BRIEF ▸ The answer must be an exact copy of the lines from the one containing "Eve, Concerning Lucifer" through the last line of the records, with the pictures left out.

DATA PROVIDED ▸
* * * * * * *
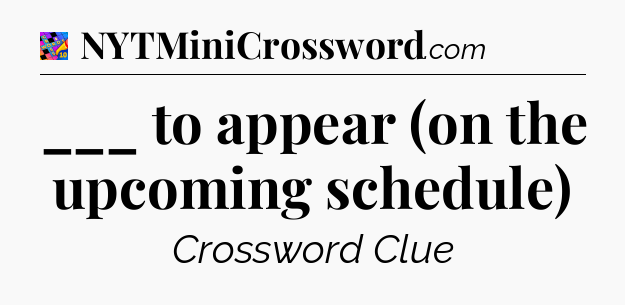___ to appear (on the upcoming schedule) Crossword Clue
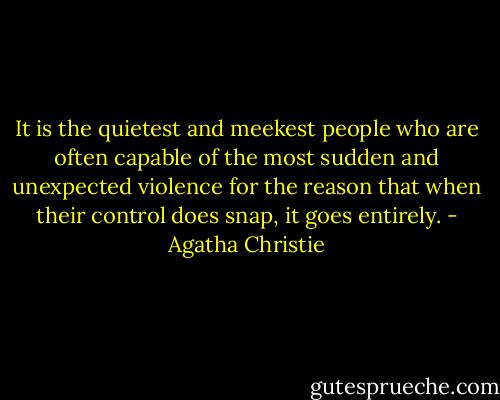 It is the quietest and meekest people who are often capable of the most sudden and unexpected violence for the reason that when their control does snap, it goes entirely. - Agatha Christie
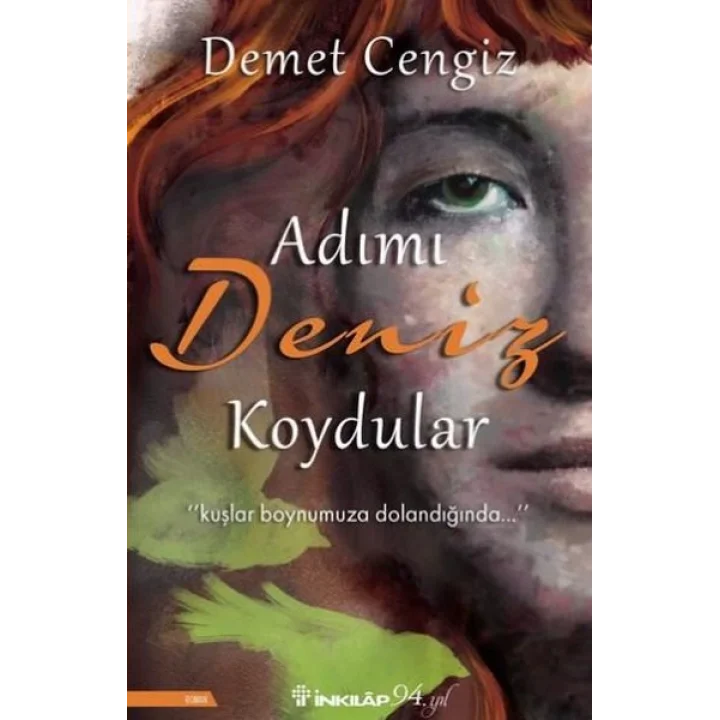 Adımı Deniz Koydular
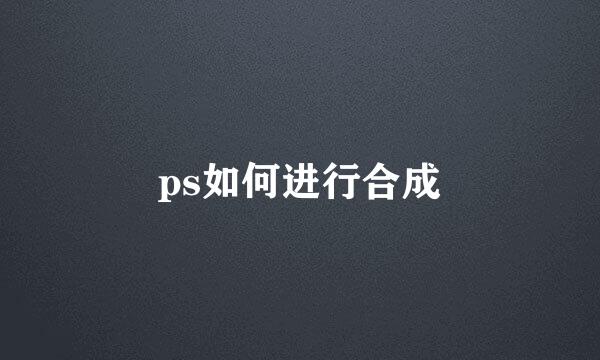 ps如何进行合成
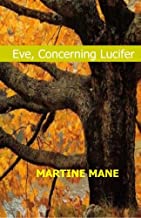 Eve, Concerning Lucifer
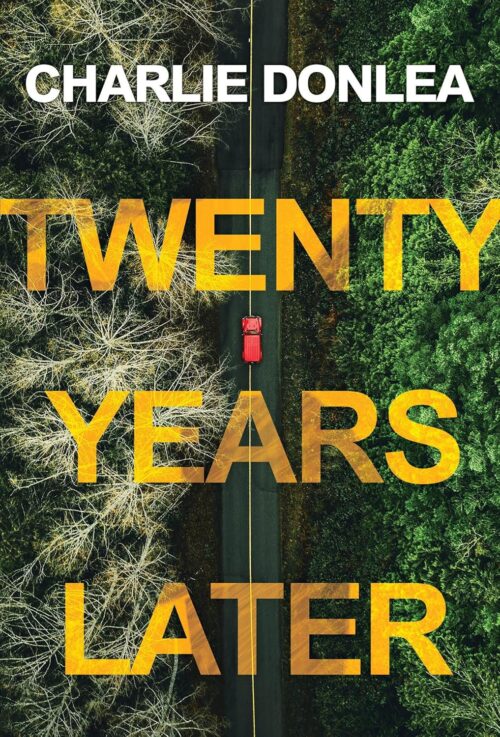 Twenty Years Later: A Riveting New Thriller Paperback – December 27, 2022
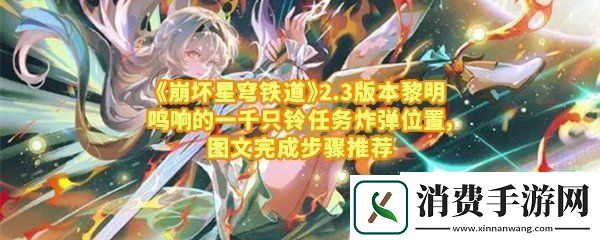 崩坏星穹铁道2.3版本黎明鸣响的一千只铃任务怎么完成：崩坏星穹铁道黎明鸣响的一千只铃炸弹在哪一览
* * * * * * *
SOLUTION ▸
 Eve, Concerning Lucifer
 Twenty Years Later: A Riveting New Thriller Paperback – December 27, 2022
 崩坏星穹铁道2.3版本黎明鸣响的一千只铃任务怎么完成：崩坏星穹铁道黎明鸣响的一千只铃炸弹在哪一览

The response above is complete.